● **Activity**: Each record below must be reproduced exactly as it reads, with its images omitted.

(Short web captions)

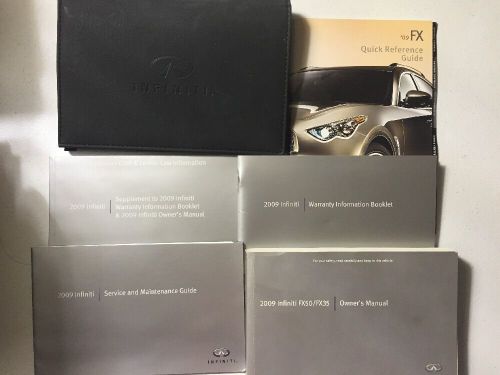 2009 infiniti fx35 fx50 fx 35 50 factory owner&#039;s owners user manual book set
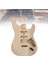 Gitar Gövdesi, Kavak Ahşap Elektro Gitar Gövdesi Değiştirme Diy Gitar, Bitmemiş Elektro Gitar Gövdesi St Stili Standart Hsh Rotası Için 4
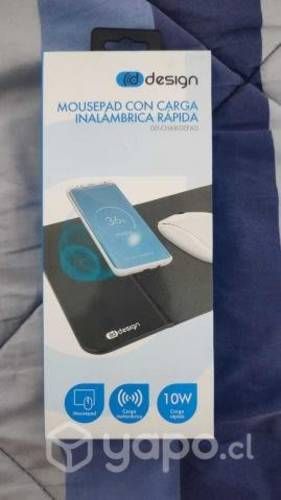 Mousepad Cargador Inalámbrico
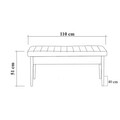 Banca, Vella, Vina Bench Walnut, Piatra, PAL, Nuc / Piatra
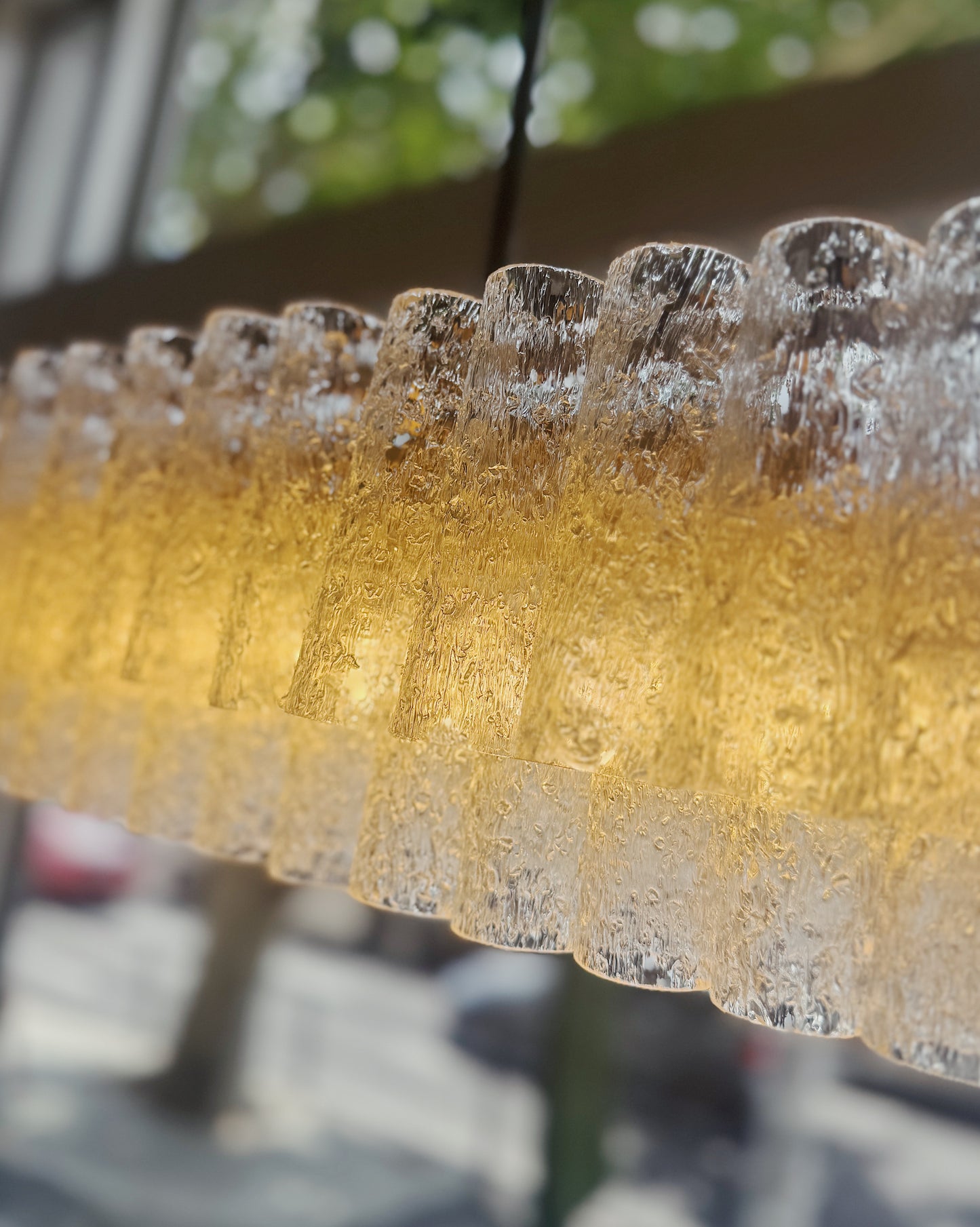 DORIA LEUCHTEN / Icicle Tronchi Glass Rectangular Chandelier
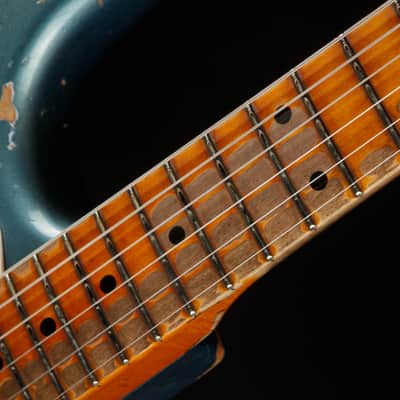 2024 - Fender Custom Shop Limited Edition Red Hot Stratocaster Super Heavy Relic - Super Faded Aged Lake Placid Blue image 9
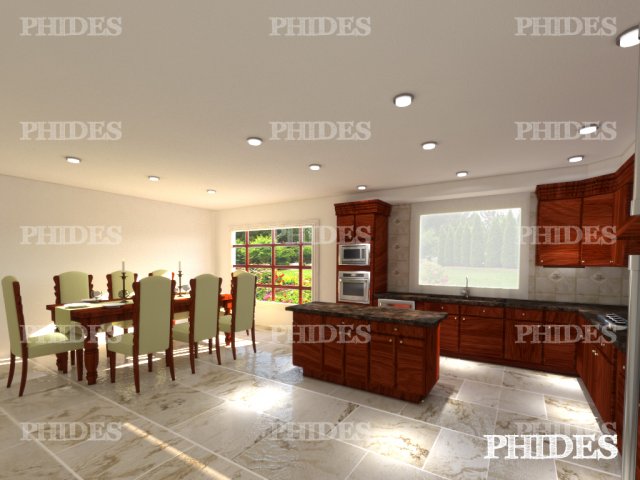 kitchen 1 Model 3D .c4d .max .obj .3ds .fbx .stl .blend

● **Task response**:
 2009 infiniti fx35 fx50 fx 35 50 factory owner&#039;s owners user manual book set
 Gitar Gövdesi, Kavak Ahşap Elektro Gitar Gövdesi Değiştirme Diy Gitar, Bitmemiş Elektro Gitar Gövdesi St Stili Standart Hsh Rotası Için 4
 Mousepad Cargador Inalámbrico
 Banca, Vella, Vina Bench Walnut, Piatra, PAL, Nuc / Piatra
 DORIA LEUCHTEN / Icicle Tronchi Glass Rectangular Chandelier
 2024 - Fender Custom Shop Limited Edition Red Hot Stratocaster Super Heavy Relic - Super Faded Aged Lake Placid Blue image 9
 kitchen 1 Model 3D .c4d .max .obj .3ds .fbx .stl .blend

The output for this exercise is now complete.